By: Camilla Mahon
We just purchased 8.2 million km² of high-resolution satellite imagery from DigitalGlobe: enough to cover 10,000 metropolitan areas the size of New York City all around the world. And it looks beautiful!
Behind the scenes
This new imagery is from DigitalGlobe’s ultra-high-res satellites. They collect data in state of the art sub–50 cm pixels. At that sharpness, people can see details of buildings, pathways, and parks, making it easy to orient in the landscape and find everything from shops to mailboxes. It also allows autonomous vehicles and machine learning algorithms to see lane markings, speed bumps, and other ingredients of HD maps
How much of a difference does sharpness make for algorithmic work? Consider that a compact car takes up an area of fewer than 8 pixels in one-meter imagery — barely enough to see which way it’s pointing. In best-resolution satellite imagery, the same car is represented by more than 10 times as many pixels.

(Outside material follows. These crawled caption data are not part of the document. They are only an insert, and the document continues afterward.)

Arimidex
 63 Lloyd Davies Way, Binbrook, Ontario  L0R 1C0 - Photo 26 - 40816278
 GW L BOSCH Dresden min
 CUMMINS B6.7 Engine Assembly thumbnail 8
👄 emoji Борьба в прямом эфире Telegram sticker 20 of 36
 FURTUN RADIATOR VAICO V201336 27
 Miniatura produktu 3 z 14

Combining human and data insights
Knowing where to update imagery at this scale is hard. We have users all over the world, and they have many different coverage priorities for their satellite views: roadways, new developments, commercial districts, farms, national parks, waterfronts, you name it. Even for the same point on the ground, people have different requirements. For example, recency is the main concern for some, while others would gladly see last year’s images if they’re a little clearer than this year’s. To balance everyone’s needs, we’ve learned to take a “measure twice, cut once” approach.
First, we analyze our existing imagery to learn where it would benefit most from improvement. We have fine-tuned algorithms that measure haze, poor lighting, and low resolution, among other potential problems. As they run across all our imagery, they create a multi-layer “map of the map” that represents quality on several axes. We collect these metrics into an aggregate that we call the Satellite Health Index (SHIdx), a single indicator of how healthy the imagery is in any given area.
Our anonymized telemetry data shapes the other half of the formula. It lets us spot shifts in user demand; for example, we can identify a quickly developing city, a newly opened bridge, or a suddenly fashionable neighborhood. We combine this data with explicit user requests.
We like user requests because they’re products of human judgment. However, they aren’t as spatially dense as anonymized telemetry, and they can be biased by cultural, economic, and technical factors. Combined, user requests and telemetry density tell us where our users need us to update imagery.
There’s still a healthy proportion of common sense in our update allocations, but it’s always built on hard data. And what the data tells us is sometimes surprising — that’s why it’s valuable. For example, going into this round of updates, we knew we wanted to refresh Shanghai. But when we referred to the SHIdx and user demand, we saw that the high-priority area extended far beyond Shanghai proper, across many surrounding cities. If we didn’t look at that data, we would have refreshed only the downtown core. With the data, we decided to refresh well over 150,000 km², an area bigger than Wisconsin.
Explore our imagery
Ultimately, our goal is the most beautiful and accurate map possible. That means it has to be a living map, continually growing and updating; essentially learning from itself. Combining human and data insights to prioritize which regions to update is part of that complex process.